Assigned task → Reproduce each line of the material exactly, minus any picture.

Source records →
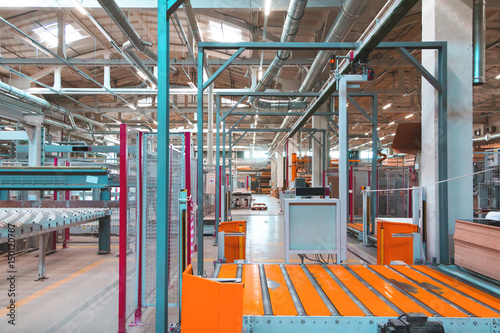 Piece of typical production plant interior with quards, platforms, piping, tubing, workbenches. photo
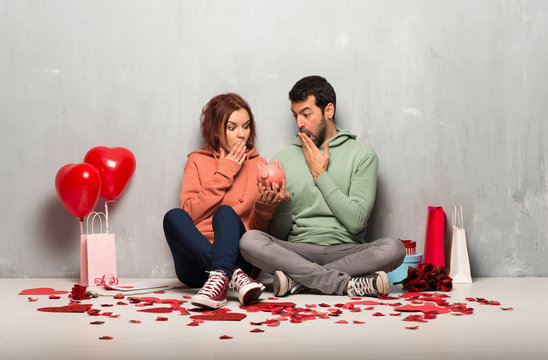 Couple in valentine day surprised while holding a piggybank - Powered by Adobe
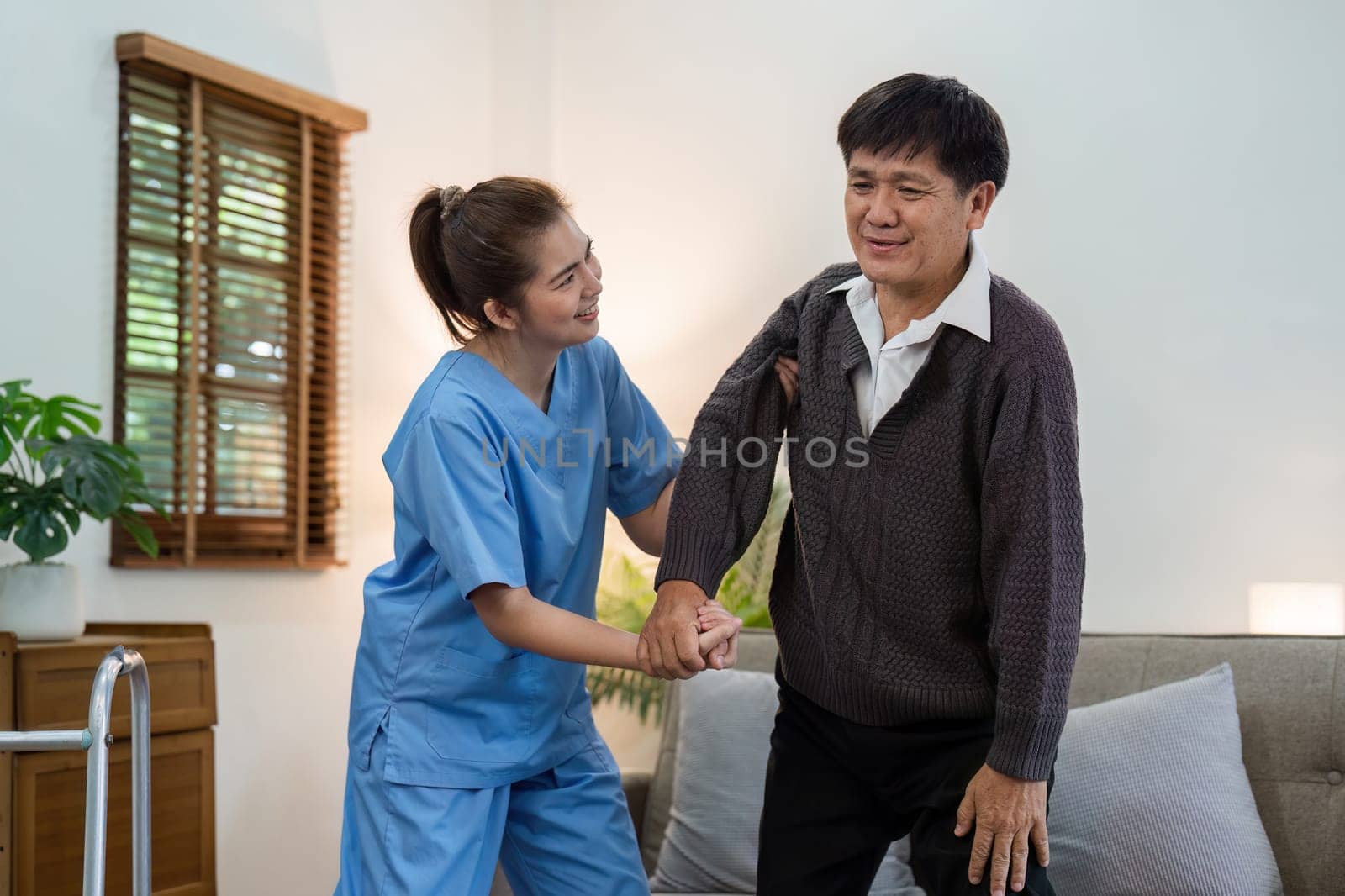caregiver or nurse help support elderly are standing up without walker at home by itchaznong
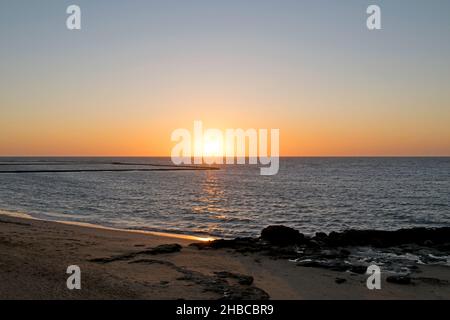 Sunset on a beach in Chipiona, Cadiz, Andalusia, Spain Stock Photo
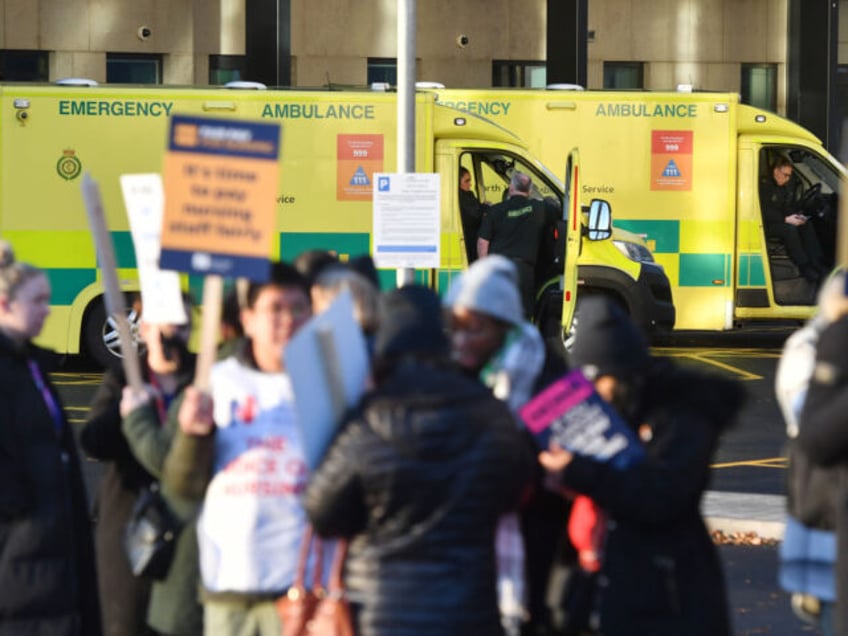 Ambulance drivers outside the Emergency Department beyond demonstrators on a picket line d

Answer box →
 Piece of typical production plant interior with quards, platforms, piping, tubing, workbenches. photo
 Couple in valentine day surprised while holding a piggybank - Powered by Adobe
caregiver or nurse help support elderly are standing up without walker at home by itchaznong
 Sunset on a beach in Chipiona, Cadiz, Andalusia, Spain Stock Photo
 Ambulance drivers outside the Emergency Department beyond demonstrators on a picket line d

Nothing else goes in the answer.